With fingerprint check enabled, the login process can happen without password or the fingerprint itself

[oncethor]

Distribution

Mint 21.1 (Vera)

Package version

5.6.8

Graphics hardware in use

NVIDIA UNIX x86_64 Kernel Module 535.113.01

Frequency

Always

Bug description

I have a Lenovo P16s and I have enabled the fingerprint reader essentialy as described here

$ sudo apt install libpam-fprintd
... reboot ...
$ fprintd-enroll -f [finger]
...

All works very well I have to say. I have been using this for more than a week.

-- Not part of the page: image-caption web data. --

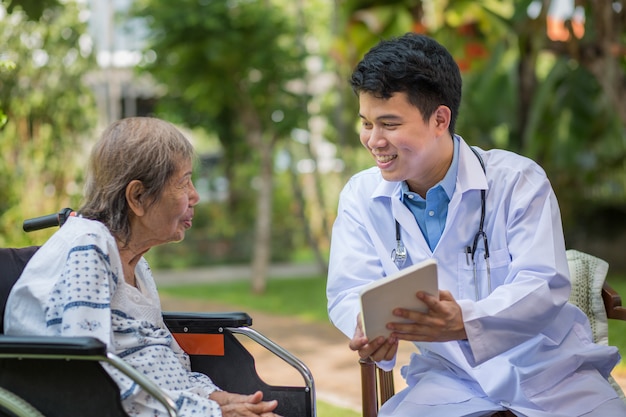 Asian doctor talking with elderly female patient on wheelchair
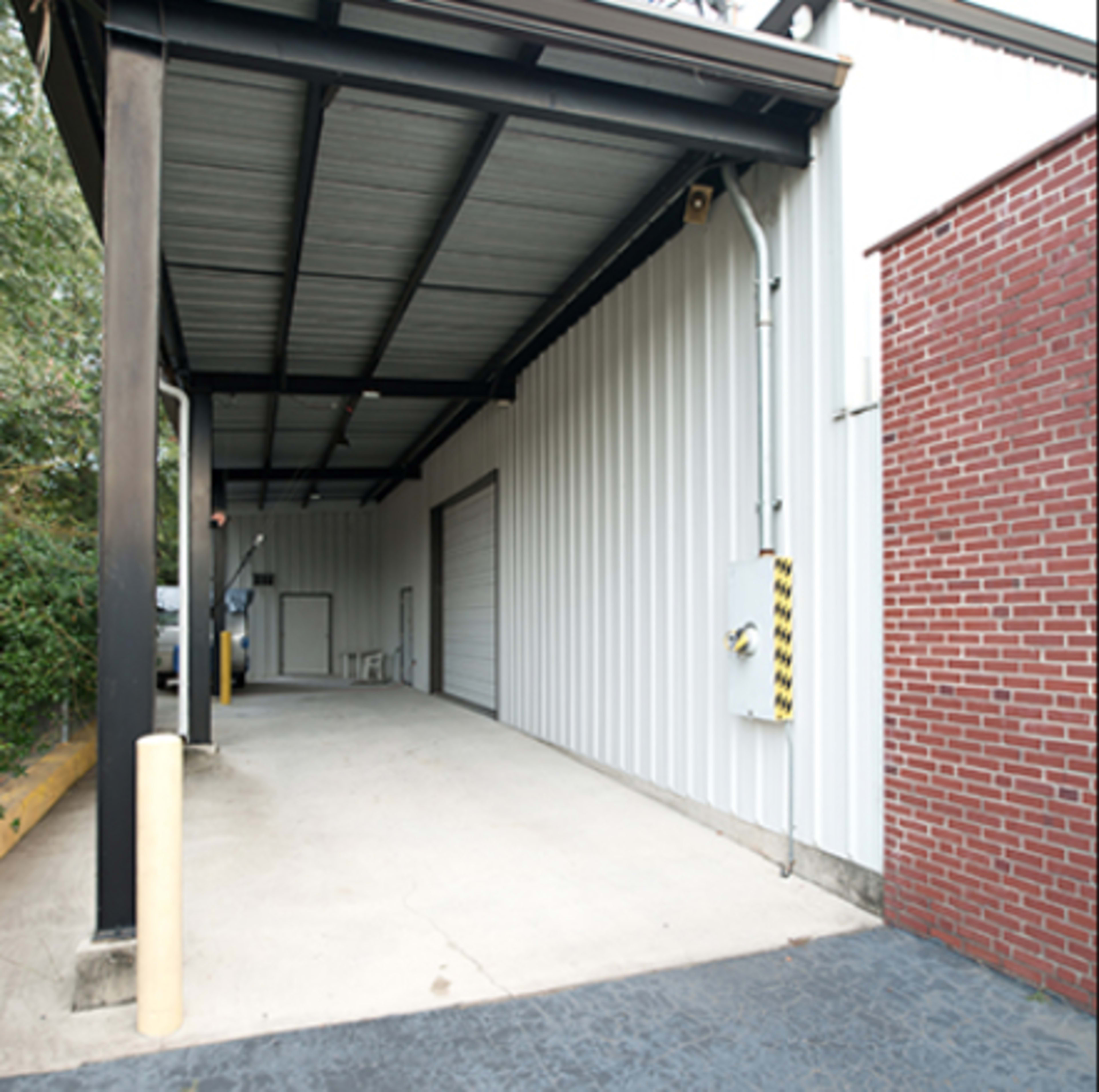 A covered loading area with a metal roof and a cement floor, adjacent to a brick wall.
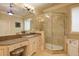 Bright bathroom featuring granite countertops, custom cabinets, and a glass enclosed walk-in shower at 8440 Woodland Brooke Trl, Cumming, GA 30028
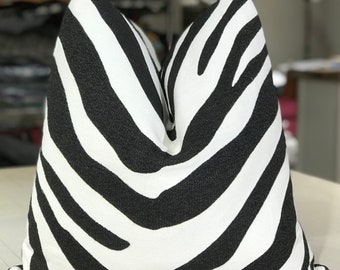May include: Black and white zebra print throw pillow. The pillow is made of a soft, textured fabric.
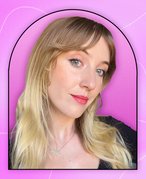 Picture of an editor on a pink graphic background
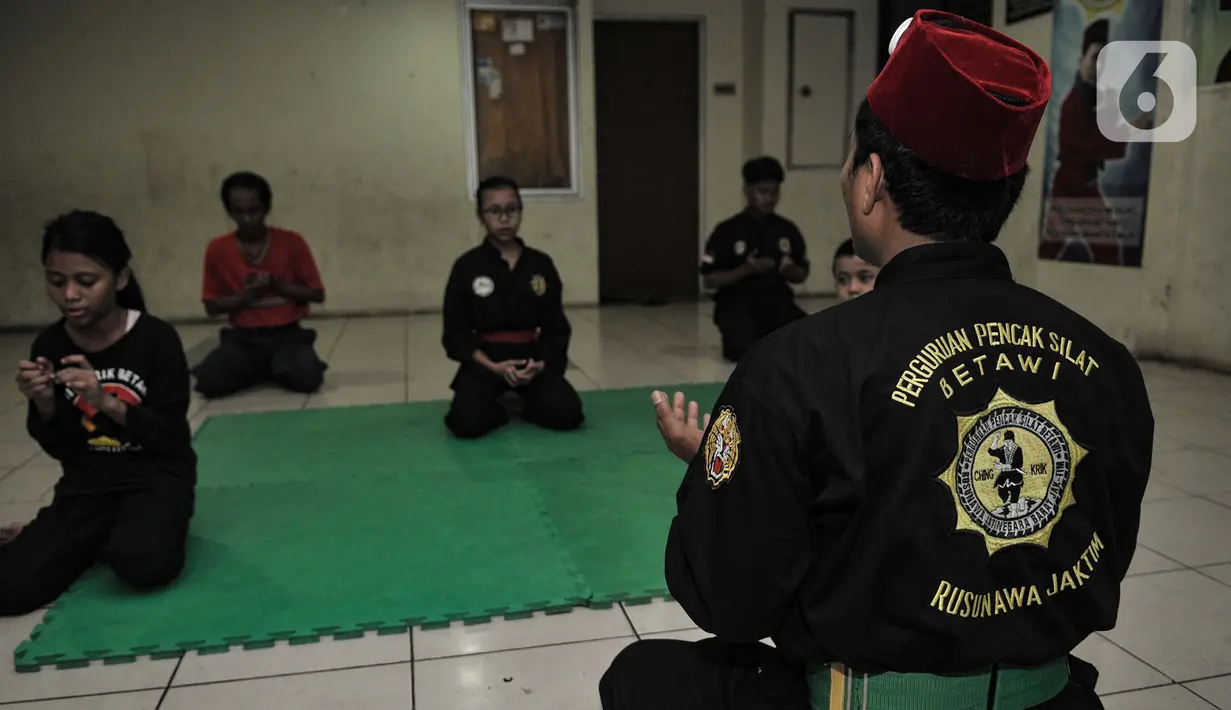 Iwan memimpin doa sebelum memulai latihan. Di aula yang tidak terlalu besar itu Iwan setidaknya telah melatih ratusan murid mayoritas anak-anak hingga remaja dan memenangi beberapa kejuaraan baik tingkat wilayah maupun Provinsi. (merdeka.com/Iqbal S Nugroho)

But I have just discovered that, at login time, if I don't put my finger on the reader, I can simply click on "Log in" and log into the system, whereas normally I'd enter my password.
There's only my user on the system.

Steps to reproduce

• have a computer with the fingerprint reader
• install pam module for fingerprint as also described here https://blog.horner.tj/mint-fingerprint-auth-x1c7/
• reboot
• enroll your fingerprints
• use the system, especially sudo commands which work as expected
• logout and reboot
• on login, don't put your finger, don't enter the password, just click on the button "Log in", you will be granted access.

Expected behavior

At login time you should enter the right password, or have the right finger on the reader.
Note that all the other functionalities seem to be working as expected (e.g. sudo)

Additional information

The auth.log reported the following while I was logging in just by pressing "Log in":

Oct 24 08:37:51 p16 systemd-logind[1110]: New seat seat0.
Oct 24 08:37:51 p16 systemd-logind[1110]: Watching system buttons on /dev/input/event2 (Power Button)
Oct 24 08:37:51 p16 systemd-logind[1110]: Watching system buttons on /dev/input/event1 (Lid Switch)
Oct 24 08:37:51 p16 systemd-logind[1110]: Watching system buttons on /dev/input/event0 (Sleep Button)
Oct 24 08:37:51 p16 systemd-logind[1110]: Watching system buttons on /dev/input/event9 (Intel HID events)
Oct 24 08:37:51 p16 systemd-logind[1110]: Watching system buttons on /dev/input/event3 (AT Translated Set 2 keyboard)
Oct 24 08:37:51 p16 systemd-logind[1110]: Watching system buttons on /dev/input/event4 (ThinkPad Extra Buttons)
Oct 24 08:37:54 p16 lightdm: pam_unix(lightdm-greeter:session): session opened for user lightdm(uid=112) by (uid=0)
Oct 24 08:37:54 p16 systemd-logind[1110]: New session c1 of user lightdm.
Oct 24 08:37:54 p16 systemd: pam_unix(systemd-user:session): session opened for user lightdm(uid=112) by (uid=0)
Oct 24 08:37:54 p16 lightdm: gkr-pam: gnome-keyring-daemon started properly
Oct 24 08:37:55 p16 lightdm: pam_succeed_if(lightdm:auth): requirement "user ingroup nopasswdlogin" not met by user "antonio"
Oct 24 08:37:56 p16 lightdm: gkr-pam: no password is available for user
Oct 24 08:38:02 p16 systemd-logind[1110]: Removed session c1.
Oct 24 08:38:02 p16 lightdm: pam_unix(lightdm:session): session opened for user antonio(uid=1000) by (uid=0)
Oct 24 08:38:02 p16 systemd-logind[1110]: New session c2 of user antonio.
Oct 24 08:38:02 p16 systemd: pam_unix(systemd-user:session): session opened for user antonio(uid=1000) by (uid=0)
Oct 24 08:38:02 p16 lightdm: gkr-pam: gnome-keyring-daemon started properly
Oct 24 08:38:03 p16 polkitd(authority=local): Registered Authentication Agent for unix-session:c2 (system bus name :1.79 [/usr/lib/policykit-1-gnome/polkit-gnome-authentication-agent-1], object path /org/gnome/PolicyKit1/AuthenticationAgent, locale en_GB.UTF-8)

[keereets]

I think this is happening because the fingerprint sensor, somehow, holds the fingerprint image when you turn on the laptop, so that at log-in time, it has already validated the fingerprint and allows you to log-in.
In fact, if I try to turn on the laptop by pushing on the button with an unregistered finger, the log-in screen will show an "failed fingerprint" message without touching the sensor.
So @leigh123linux I think we can close this as not a bug.

[anaximeno]

Uhm, so there should be an option to disable this then (if it isn't already).